■ EXERCISE BRIEF ■
The full set of entries below, restated word for word and stripped of images, is the expected result.

(DATA IN THIS EXERCISE)

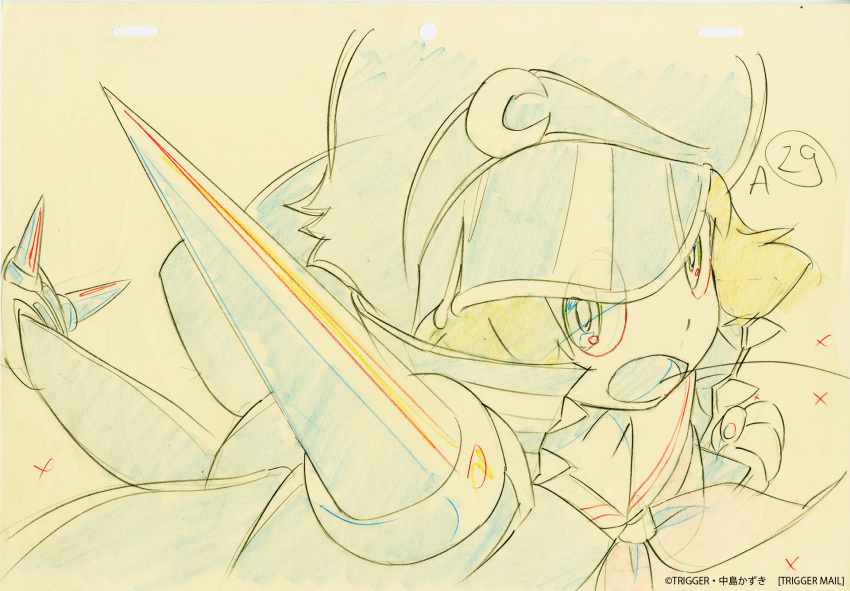 1girl banchou color_trace hat highres key_frame kill_la_kill official_art partially_colored sketch solo spike spoilers trigger_(company)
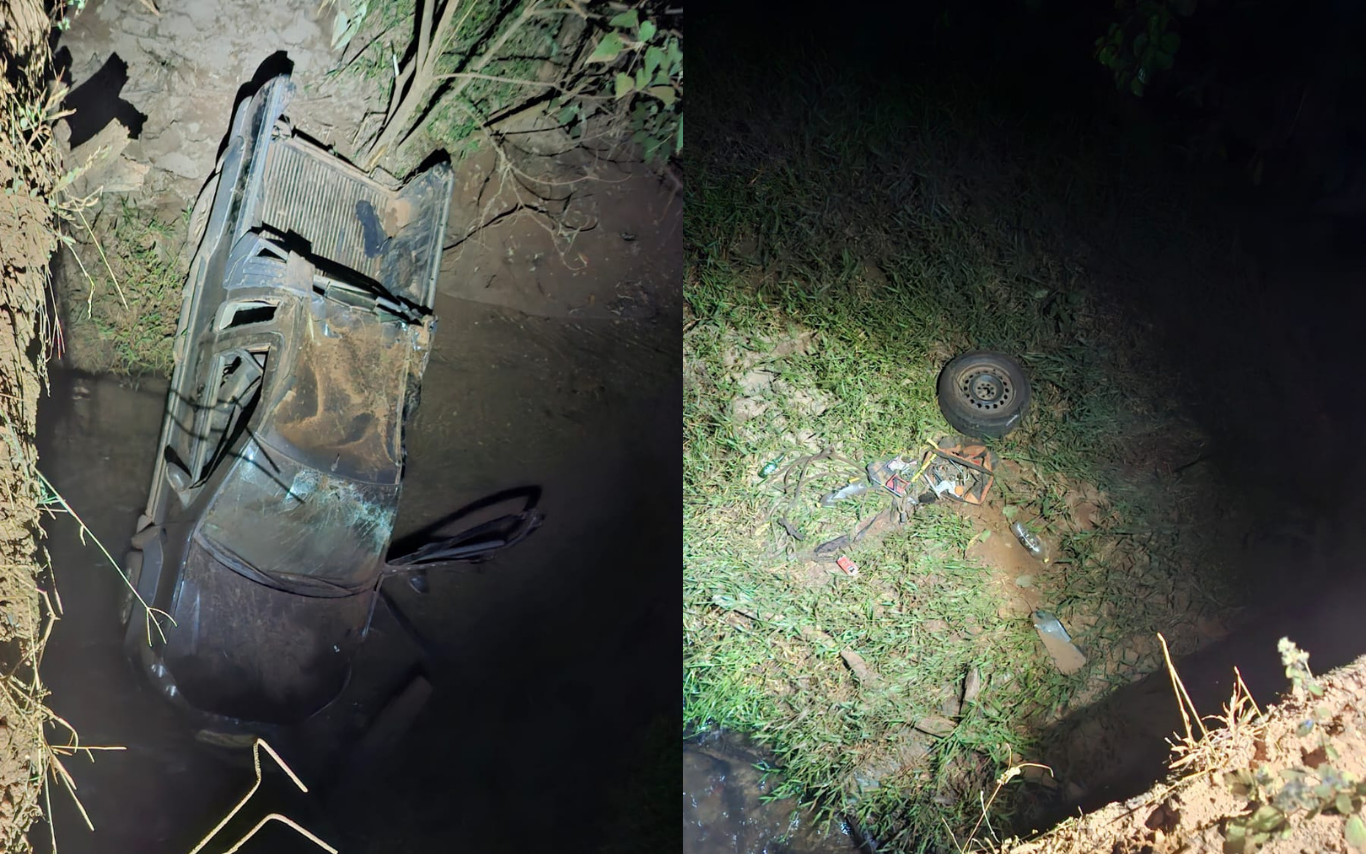 Carro que despencou de ponte em Cascalho Rico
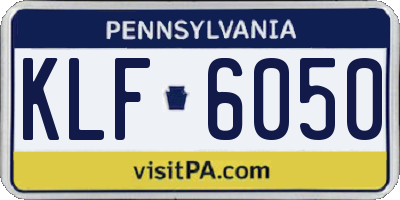 PA license plate KLF6050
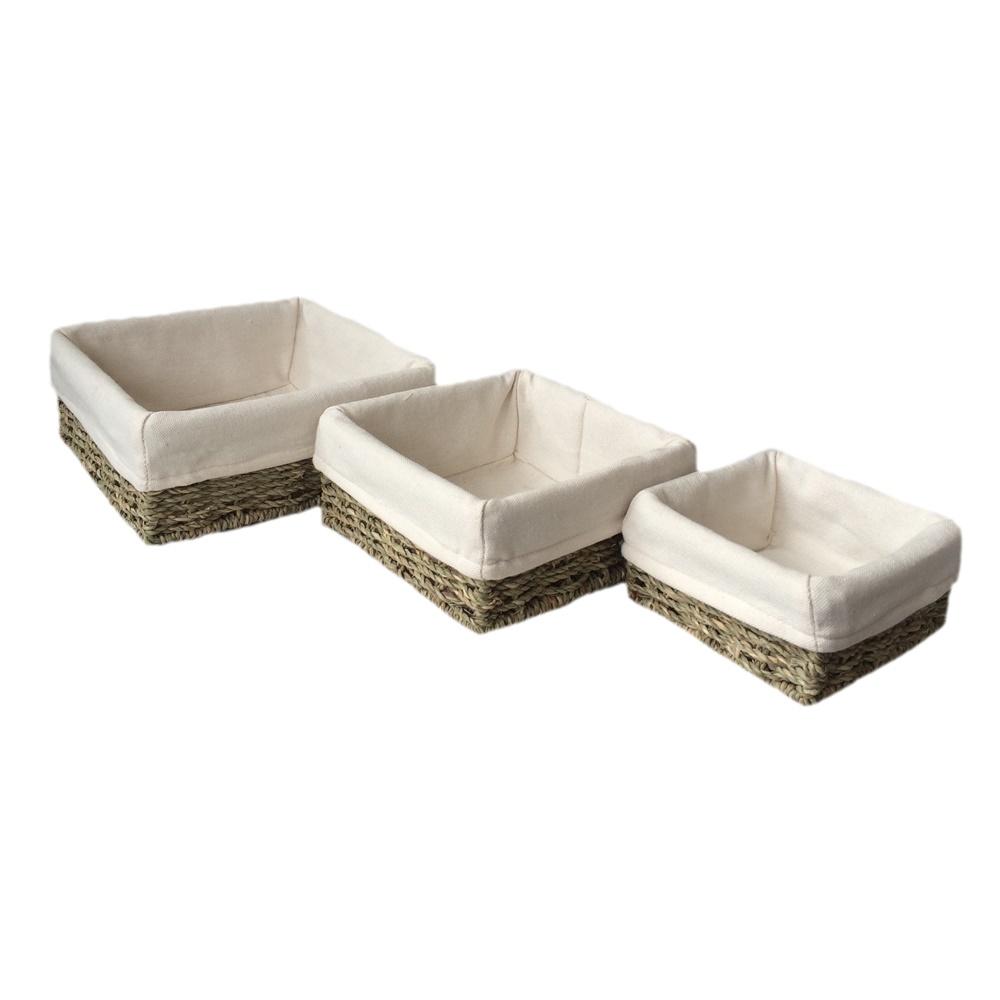 Set of 3 Cotton Lined Square Seagrass Tray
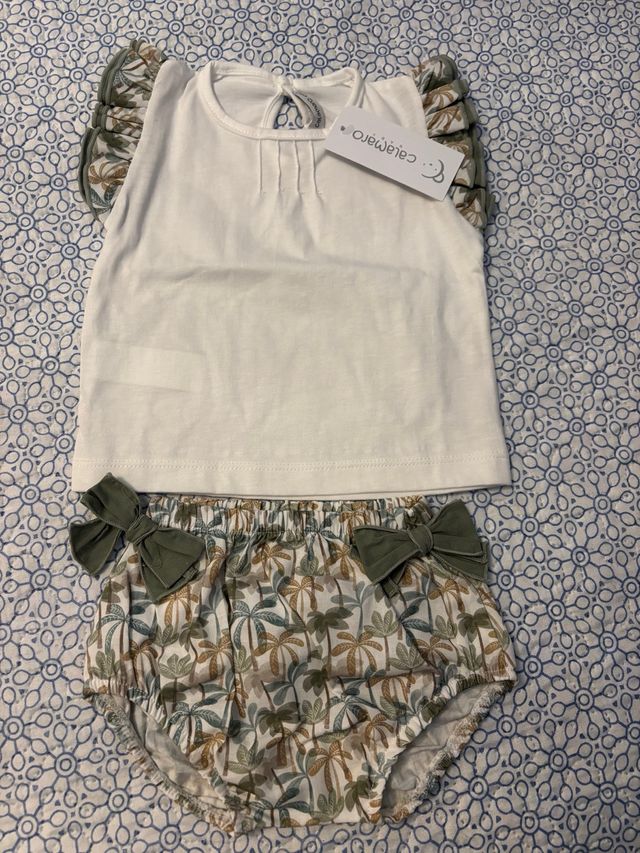 Conjunto bebé top con etiqueta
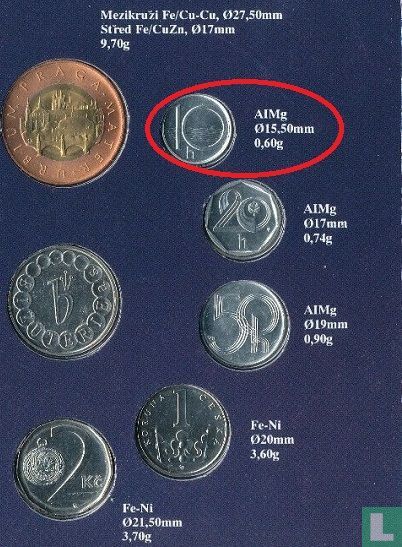 République tchèque 10 haleru 2000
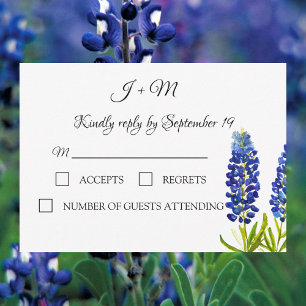 Blåklockor Blå Blommor Texas blommor Modernt RSVP OSA Kort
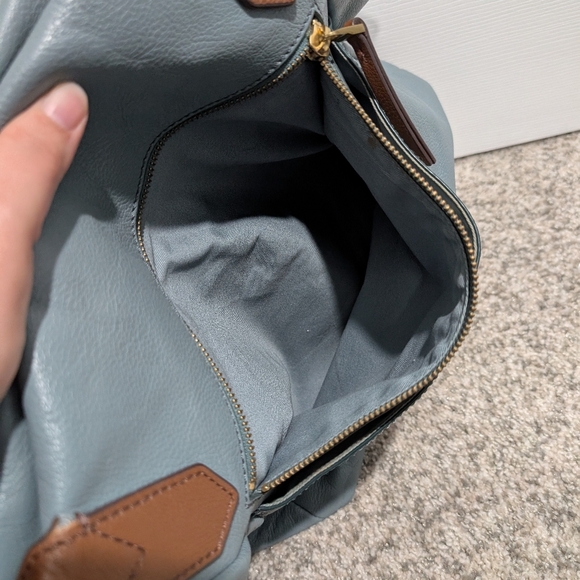 Fossil Blue Gray Fiona Tote with Brown Accents - Picture 13 of 14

(End DATA IN THIS EXERCISE)

■ REPLY TO THE EXERCISE ■
 1girl banchou color_trace hat highres key_frame kill_la_kill official_art partially_colored sketch solo spike spoilers trigger_(company)
 Carro que despencou de ponte em Cascalho Rico
 PA license plate KLF6050
 Set of 3 Cotton Lined Square Seagrass Tray
 Conjunto bebé top con etiqueta
 République tchèque 10 haleru 2000
 Blåklockor Blå Blommor Texas blommor Modernt RSVP OSA Kort
 Fossil Blue Gray Fiona Tote with Brown Accents - Picture 13 of 14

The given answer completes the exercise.